In addition, according to The Security and Guarding Services Ordinance, the upper age limit for people engaging in security work of Category B (non-single private residential building) is 65 years of age. In view of the severe shortage in front-line security workforce, which is essential to building's daily operation, HKIH suggests to extend the upper age limit to 70 in order to provide more labor force to the market.
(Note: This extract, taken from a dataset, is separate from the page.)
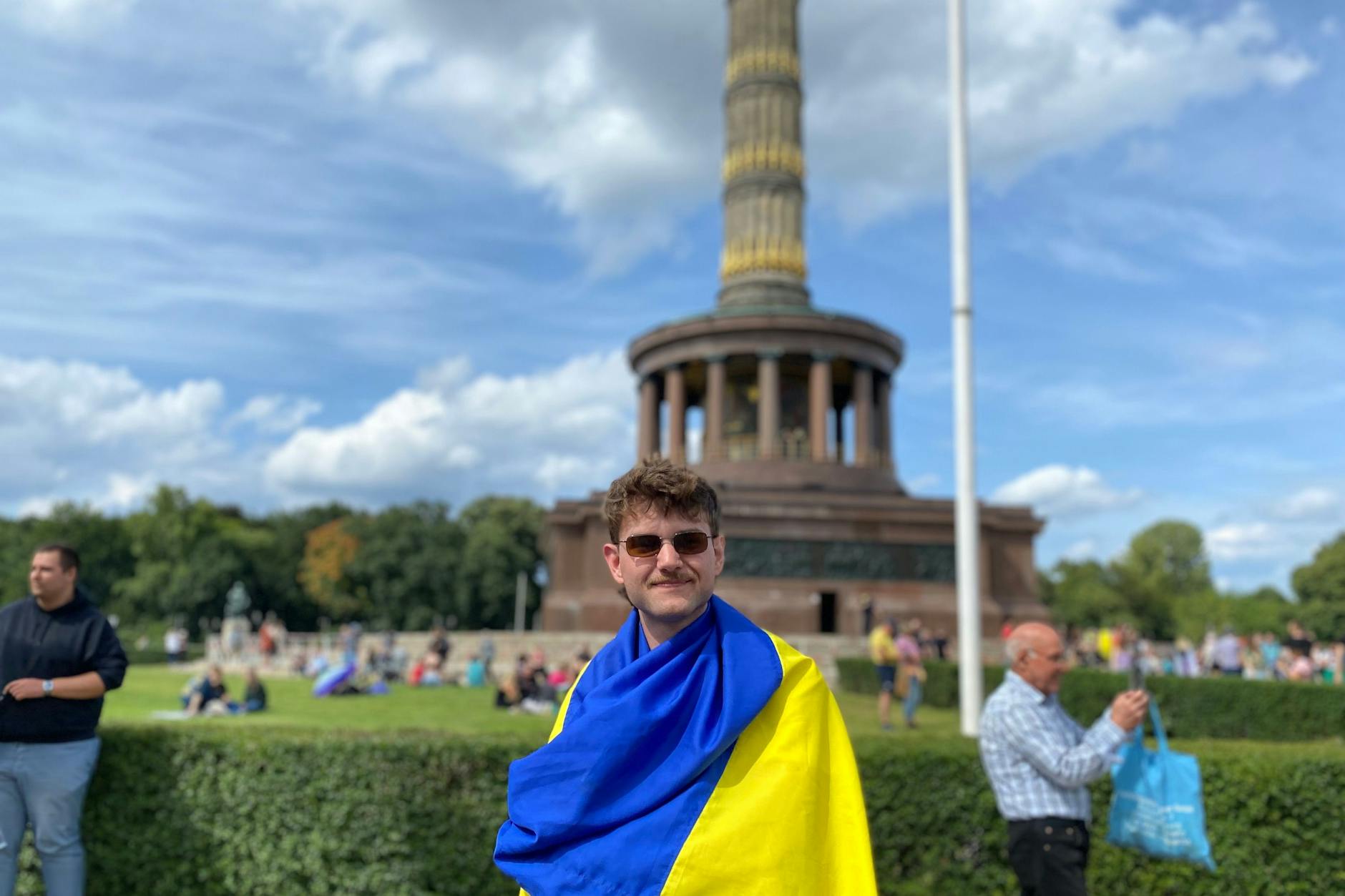 Mykola kommt ursprünglich aus der Ukraine, verließ aber sein Heimatland, weil dort die gleichgeschlechtliche Ehe verboten ist.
Ms Cora YUEN, President of The Hong Kong Institute of Housing said, "HKIH will work closely with the Government and play a major role in the process of enhancing professionalism of the industry with the increase in housing supply. With sky-rocketing demand for quality property management professionals and related training needs in the market, we suggest the Government to work out a more comprehensive plan in coping with the future rapid increase in population and other social issues. Simultaneously, there is a need to strengthen overall trainings and funding schemes for the profession. Licensing regime is one of the major concerns of HKIH and we would sincerely wish to see the launch of it soonest possible for the benefit of both the profession and the property owners/occupants."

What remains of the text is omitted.